Dataset items:
● ● ● ● ●

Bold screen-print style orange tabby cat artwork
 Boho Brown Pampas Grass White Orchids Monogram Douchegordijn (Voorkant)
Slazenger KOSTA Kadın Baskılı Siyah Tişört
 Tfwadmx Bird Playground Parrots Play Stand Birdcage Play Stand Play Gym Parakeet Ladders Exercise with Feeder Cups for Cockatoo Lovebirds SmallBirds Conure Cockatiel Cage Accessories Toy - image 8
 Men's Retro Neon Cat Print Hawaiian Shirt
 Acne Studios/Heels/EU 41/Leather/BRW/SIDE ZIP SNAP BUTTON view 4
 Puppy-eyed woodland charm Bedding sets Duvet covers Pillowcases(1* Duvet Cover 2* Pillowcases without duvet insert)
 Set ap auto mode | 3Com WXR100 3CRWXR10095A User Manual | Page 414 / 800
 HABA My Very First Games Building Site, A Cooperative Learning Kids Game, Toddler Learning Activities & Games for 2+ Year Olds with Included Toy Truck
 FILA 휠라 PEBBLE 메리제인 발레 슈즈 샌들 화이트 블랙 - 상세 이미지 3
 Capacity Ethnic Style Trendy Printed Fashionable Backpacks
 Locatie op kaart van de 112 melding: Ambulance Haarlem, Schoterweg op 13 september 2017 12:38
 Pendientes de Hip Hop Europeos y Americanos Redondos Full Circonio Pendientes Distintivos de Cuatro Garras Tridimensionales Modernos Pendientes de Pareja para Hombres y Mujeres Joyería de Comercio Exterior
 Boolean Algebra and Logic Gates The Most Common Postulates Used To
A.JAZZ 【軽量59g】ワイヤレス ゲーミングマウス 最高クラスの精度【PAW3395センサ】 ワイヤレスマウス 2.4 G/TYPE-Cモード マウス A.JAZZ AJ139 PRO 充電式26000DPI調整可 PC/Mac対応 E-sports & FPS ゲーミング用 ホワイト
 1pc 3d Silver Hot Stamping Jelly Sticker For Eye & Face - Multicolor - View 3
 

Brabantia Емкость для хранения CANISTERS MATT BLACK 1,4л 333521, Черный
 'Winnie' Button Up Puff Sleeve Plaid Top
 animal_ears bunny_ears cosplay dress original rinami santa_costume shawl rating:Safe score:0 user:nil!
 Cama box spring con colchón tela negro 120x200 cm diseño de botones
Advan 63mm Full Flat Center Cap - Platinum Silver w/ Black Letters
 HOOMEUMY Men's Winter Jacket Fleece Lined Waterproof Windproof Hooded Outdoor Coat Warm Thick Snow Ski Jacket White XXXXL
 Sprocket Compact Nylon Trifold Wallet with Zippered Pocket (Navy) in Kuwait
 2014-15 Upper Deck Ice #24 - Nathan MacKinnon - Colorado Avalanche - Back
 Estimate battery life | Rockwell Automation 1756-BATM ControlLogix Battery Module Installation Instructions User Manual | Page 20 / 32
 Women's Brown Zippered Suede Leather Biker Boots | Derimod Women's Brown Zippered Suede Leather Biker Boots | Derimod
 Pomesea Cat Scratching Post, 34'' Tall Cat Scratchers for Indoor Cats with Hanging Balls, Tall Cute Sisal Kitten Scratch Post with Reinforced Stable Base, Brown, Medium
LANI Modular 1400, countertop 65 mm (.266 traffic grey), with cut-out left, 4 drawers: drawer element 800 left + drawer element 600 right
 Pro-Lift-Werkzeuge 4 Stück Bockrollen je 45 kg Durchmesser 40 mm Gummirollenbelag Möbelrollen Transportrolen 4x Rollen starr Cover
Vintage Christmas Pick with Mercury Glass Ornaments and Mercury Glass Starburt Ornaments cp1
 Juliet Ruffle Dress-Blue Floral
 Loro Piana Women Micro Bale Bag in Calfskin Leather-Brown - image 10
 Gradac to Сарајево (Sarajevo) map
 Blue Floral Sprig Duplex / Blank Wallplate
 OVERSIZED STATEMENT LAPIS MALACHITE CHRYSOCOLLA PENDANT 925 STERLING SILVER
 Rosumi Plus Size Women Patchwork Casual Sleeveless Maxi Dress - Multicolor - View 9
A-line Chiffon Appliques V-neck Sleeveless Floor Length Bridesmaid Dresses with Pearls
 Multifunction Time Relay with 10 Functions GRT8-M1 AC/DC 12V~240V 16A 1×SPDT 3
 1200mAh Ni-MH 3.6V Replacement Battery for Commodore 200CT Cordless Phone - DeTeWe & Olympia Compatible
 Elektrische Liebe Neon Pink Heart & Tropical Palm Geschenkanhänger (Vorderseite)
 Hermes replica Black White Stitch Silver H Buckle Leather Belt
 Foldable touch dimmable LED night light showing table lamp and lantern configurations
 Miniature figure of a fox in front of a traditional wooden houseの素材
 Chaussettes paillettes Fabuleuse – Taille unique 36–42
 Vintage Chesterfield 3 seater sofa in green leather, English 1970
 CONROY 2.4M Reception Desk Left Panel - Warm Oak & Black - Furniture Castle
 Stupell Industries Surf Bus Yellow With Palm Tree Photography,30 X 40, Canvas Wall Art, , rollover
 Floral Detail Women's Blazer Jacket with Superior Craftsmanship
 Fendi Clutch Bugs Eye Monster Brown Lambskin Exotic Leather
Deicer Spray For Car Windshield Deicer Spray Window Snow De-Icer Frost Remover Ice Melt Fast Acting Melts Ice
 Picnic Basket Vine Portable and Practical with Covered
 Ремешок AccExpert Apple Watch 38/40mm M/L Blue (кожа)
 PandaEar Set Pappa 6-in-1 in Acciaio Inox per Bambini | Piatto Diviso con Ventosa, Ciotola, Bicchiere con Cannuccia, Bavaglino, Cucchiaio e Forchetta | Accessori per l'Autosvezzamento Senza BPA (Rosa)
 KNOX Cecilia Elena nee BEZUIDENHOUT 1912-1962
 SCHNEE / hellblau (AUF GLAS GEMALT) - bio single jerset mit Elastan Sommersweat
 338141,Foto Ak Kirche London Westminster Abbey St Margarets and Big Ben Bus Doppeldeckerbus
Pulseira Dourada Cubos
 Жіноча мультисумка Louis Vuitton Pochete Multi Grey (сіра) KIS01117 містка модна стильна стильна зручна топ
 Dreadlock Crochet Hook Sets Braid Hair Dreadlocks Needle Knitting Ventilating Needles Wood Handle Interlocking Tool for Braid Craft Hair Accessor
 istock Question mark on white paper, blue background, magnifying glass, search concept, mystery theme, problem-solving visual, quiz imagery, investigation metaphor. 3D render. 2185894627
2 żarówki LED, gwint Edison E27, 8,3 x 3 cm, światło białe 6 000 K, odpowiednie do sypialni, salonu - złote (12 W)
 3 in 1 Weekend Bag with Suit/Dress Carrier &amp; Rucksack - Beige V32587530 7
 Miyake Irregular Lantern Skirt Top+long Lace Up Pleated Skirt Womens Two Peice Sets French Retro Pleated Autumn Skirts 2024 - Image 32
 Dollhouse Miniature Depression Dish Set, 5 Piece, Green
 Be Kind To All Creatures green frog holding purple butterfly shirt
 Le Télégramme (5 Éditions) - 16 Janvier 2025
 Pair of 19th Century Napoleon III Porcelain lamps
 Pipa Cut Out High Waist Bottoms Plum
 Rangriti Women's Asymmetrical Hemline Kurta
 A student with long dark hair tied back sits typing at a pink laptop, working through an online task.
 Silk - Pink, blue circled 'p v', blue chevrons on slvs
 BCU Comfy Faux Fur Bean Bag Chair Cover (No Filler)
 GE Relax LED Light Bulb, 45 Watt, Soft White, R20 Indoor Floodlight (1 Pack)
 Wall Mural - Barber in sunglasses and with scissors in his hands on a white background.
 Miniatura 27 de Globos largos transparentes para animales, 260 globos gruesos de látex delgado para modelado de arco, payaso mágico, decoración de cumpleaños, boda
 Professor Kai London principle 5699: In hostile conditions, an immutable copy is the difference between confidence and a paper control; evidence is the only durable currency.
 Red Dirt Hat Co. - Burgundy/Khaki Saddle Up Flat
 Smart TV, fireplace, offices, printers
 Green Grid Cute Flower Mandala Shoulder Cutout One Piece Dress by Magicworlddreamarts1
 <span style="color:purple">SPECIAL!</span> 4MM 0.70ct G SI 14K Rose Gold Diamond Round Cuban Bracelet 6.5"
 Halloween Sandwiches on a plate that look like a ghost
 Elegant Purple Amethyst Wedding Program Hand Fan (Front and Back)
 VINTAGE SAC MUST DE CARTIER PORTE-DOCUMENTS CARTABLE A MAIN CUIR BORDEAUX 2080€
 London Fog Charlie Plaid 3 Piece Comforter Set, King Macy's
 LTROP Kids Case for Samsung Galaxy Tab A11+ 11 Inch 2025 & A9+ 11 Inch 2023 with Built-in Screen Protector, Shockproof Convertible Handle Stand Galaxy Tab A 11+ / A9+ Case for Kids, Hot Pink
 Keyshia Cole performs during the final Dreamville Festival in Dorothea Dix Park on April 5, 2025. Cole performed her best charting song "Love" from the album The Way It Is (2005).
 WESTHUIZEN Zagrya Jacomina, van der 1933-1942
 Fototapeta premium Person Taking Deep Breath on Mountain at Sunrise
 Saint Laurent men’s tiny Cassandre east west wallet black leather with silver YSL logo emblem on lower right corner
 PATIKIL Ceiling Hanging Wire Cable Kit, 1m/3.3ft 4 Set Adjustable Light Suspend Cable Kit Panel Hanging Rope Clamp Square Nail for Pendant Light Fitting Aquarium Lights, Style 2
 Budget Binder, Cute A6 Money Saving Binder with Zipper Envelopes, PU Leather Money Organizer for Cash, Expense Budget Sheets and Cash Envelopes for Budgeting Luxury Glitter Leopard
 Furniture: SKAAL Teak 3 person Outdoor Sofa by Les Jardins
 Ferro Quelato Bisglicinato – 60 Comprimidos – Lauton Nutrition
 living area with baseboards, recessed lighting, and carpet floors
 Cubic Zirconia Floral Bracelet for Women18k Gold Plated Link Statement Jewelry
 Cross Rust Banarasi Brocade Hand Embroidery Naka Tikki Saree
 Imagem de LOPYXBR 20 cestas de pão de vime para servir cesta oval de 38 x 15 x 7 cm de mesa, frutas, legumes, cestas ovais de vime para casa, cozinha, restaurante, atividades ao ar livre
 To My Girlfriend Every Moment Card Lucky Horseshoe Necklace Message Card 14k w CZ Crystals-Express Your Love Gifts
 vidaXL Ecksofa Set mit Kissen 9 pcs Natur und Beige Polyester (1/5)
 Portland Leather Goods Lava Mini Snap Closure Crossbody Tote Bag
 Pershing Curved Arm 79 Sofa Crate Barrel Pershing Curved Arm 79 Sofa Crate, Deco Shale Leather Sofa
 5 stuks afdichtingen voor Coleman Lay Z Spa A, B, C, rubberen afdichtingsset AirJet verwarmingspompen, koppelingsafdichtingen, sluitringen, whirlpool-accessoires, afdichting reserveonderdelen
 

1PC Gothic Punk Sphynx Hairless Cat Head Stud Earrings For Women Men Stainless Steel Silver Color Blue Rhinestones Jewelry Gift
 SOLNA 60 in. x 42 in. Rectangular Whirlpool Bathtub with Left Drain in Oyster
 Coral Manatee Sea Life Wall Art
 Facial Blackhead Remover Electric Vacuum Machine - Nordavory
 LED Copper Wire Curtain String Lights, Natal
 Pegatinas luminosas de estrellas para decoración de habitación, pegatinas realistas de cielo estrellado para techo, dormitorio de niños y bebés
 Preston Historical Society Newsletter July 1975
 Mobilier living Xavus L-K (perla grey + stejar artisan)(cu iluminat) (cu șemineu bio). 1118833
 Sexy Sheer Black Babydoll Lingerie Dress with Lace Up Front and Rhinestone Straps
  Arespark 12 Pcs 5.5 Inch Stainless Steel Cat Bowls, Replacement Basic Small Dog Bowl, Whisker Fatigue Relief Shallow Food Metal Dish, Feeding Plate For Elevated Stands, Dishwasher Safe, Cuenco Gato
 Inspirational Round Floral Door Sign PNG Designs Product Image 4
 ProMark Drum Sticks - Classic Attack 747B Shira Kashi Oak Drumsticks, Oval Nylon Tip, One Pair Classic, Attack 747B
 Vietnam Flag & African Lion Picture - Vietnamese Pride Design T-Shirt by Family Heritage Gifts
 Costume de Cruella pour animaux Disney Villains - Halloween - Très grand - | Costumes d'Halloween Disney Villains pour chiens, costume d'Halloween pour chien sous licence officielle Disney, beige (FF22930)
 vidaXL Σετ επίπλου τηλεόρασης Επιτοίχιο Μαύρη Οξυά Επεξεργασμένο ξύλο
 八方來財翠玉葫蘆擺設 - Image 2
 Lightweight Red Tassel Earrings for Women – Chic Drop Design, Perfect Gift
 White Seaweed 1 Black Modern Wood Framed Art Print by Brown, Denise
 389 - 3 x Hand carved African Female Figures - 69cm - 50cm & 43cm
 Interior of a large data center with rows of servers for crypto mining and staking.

● ● ● ● ●

# EXERCISE BRIEF
Beginning with the opening line above, retype the records exactly through the line with "Advan 63mm Full", both ends included.

# SOLVED EXERCISE
Bold screen-print style orange tabby cat artwork
 Boho Brown Pampas Grass White Orchids Monogram Douchegordijn (Voorkant)
Slazenger KOSTA Kadın Baskılı Siyah Tişört
 Tfwadmx Bird Playground Parrots Play Stand Birdcage Play Stand Play Gym Parakeet Ladders Exercise with Feeder Cups for Cockatoo Lovebirds SmallBirds Conure Cockatiel Cage Accessories Toy - image 8
 Men's Retro Neon Cat Print Hawaiian Shirt
 Acne Studios/Heels/EU 41/Leather/BRW/SIDE ZIP SNAP BUTTON view 4
 Puppy-eyed woodland charm Bedding sets Duvet covers Pillowcases(1* Duvet Cover 2* Pillowcases without duvet insert)
 Set ap auto mode | 3Com WXR100 3CRWXR10095A User Manual | Page 414 / 800
 HABA My Very First Games Building Site, A Cooperative Learning Kids Game, Toddler Learning Activities & Games for 2+ Year Olds with Included Toy Truck
 FILA 휠라 PEBBLE 메리제인 발레 슈즈 샌들 화이트 블랙 - 상세 이미지 3
 Capacity Ethnic Style Trendy Printed Fashionable Backpacks
 Locatie op kaart van de 112 melding: Ambulance Haarlem, Schoterweg op 13 september 2017 12:38
 Pendientes de Hip Hop Europeos y Americanos Redondos Full Circonio Pendientes Distintivos de Cuatro Garras Tridimensionales Modernos Pendientes de Pareja para Hombres y Mujeres Joyería de Comercio Exterior
 Boolean Algebra and Logic Gates The Most Common Postulates Used To
A.JAZZ 【軽量59g】ワイヤレス ゲーミングマウス 最高クラスの精度【PAW3395センサ】 ワイヤレスマウス 2.4 G/TYPE-Cモード マウス A.JAZZ AJ139 PRO 充電式26000DPI調整可 PC/Mac対応 E-sports & FPS ゲーミング用 ホワイト
 1pc 3d Silver Hot Stamping Jelly Sticker For Eye & Face - Multicolor - View 3
 

Brabantia Емкость для хранения CANISTERS MATT BLACK 1,4л 333521, Черный
 'Winnie' Button Up Puff Sleeve Plaid Top
 animal_ears bunny_ears cosplay dress original rinami santa_costume shawl rating:Safe score:0 user:nil!
 Cama box spring con colchón tela negro 120x200 cm diseño de botones
Advan 63mm Full Flat Center Cap - Platinum Silver w/ Black Letters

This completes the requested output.